/---
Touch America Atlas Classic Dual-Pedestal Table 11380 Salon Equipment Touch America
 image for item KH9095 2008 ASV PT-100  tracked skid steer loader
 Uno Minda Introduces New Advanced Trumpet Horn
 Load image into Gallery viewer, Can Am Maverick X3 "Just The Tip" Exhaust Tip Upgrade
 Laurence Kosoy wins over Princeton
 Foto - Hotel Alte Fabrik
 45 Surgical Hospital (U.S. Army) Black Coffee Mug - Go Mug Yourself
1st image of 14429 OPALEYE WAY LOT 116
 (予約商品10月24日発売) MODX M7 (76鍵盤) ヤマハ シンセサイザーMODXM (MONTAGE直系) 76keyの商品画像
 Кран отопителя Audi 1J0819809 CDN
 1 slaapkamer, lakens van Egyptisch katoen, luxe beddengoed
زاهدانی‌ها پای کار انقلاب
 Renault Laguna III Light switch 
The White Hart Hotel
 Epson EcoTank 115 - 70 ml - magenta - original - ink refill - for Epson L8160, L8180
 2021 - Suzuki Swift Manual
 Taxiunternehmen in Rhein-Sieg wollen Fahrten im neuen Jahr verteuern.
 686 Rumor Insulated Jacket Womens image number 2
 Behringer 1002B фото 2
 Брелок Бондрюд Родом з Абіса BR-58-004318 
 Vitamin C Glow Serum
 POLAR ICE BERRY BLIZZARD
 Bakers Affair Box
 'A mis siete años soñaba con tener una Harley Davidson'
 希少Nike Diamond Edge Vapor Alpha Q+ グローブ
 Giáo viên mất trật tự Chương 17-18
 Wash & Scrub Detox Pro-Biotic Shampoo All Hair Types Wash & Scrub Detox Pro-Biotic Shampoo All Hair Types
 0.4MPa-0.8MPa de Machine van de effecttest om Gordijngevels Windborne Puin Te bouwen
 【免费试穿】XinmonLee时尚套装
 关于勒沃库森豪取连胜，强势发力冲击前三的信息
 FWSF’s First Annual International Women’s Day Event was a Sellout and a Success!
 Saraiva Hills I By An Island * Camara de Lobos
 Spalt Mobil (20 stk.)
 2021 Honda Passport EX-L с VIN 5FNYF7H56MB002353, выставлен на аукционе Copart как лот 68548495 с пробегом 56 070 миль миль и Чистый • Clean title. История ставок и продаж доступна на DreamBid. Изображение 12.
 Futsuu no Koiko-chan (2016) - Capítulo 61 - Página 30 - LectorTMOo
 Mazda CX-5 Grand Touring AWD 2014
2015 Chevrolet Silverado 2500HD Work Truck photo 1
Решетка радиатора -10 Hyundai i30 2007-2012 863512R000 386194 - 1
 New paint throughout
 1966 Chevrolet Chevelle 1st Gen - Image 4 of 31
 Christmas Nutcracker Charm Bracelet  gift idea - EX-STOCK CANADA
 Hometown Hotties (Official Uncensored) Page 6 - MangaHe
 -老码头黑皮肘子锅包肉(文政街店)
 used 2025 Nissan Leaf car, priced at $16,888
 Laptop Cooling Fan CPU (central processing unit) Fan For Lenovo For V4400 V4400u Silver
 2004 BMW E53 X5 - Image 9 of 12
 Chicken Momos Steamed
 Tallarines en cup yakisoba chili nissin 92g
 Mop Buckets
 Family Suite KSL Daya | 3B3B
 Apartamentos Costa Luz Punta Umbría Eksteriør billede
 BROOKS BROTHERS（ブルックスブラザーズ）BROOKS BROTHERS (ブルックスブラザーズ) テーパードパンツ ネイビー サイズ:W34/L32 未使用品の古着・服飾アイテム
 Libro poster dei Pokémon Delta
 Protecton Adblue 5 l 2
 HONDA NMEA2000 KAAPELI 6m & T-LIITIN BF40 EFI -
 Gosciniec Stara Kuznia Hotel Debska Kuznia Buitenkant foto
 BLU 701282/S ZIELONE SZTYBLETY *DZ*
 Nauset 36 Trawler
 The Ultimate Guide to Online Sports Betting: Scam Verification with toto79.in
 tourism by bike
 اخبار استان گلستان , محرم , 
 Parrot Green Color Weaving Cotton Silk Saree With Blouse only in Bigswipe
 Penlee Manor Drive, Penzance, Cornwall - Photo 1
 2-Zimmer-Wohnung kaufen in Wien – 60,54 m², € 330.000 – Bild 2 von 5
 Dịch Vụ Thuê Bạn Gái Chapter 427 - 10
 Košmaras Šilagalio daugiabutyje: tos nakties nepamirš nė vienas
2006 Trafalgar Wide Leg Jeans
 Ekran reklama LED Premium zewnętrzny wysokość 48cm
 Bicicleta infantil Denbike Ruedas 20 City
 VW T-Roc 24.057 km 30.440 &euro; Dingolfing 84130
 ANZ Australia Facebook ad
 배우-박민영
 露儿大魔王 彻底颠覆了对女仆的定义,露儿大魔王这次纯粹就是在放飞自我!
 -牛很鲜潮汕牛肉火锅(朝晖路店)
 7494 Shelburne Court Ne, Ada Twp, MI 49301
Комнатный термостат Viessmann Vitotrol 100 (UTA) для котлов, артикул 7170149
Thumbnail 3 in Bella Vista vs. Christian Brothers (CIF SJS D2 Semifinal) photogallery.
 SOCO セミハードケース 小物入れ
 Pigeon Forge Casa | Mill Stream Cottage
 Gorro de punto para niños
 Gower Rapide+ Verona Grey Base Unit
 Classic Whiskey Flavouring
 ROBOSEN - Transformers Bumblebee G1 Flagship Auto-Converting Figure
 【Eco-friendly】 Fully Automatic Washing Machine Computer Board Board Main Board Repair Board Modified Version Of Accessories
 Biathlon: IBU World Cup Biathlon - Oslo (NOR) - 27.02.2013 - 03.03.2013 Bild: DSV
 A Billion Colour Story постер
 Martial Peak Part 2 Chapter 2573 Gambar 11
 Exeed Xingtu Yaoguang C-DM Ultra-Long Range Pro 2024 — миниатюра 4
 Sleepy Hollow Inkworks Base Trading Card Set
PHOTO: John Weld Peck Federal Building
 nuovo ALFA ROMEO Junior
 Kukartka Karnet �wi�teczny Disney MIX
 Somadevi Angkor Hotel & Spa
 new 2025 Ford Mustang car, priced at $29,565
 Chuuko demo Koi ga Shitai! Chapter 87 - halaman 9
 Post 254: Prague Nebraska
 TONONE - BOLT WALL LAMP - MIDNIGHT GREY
\---
### [PROMPT]
Show all lines from the records above where the word "Classic" occurs.

### [OUTPUT FOR THIS EXERCISE]
Touch America Atlas Classic Dual-Pedestal Table 11380 Salon Equipment Touch America
 Classic Whiskey Flavouring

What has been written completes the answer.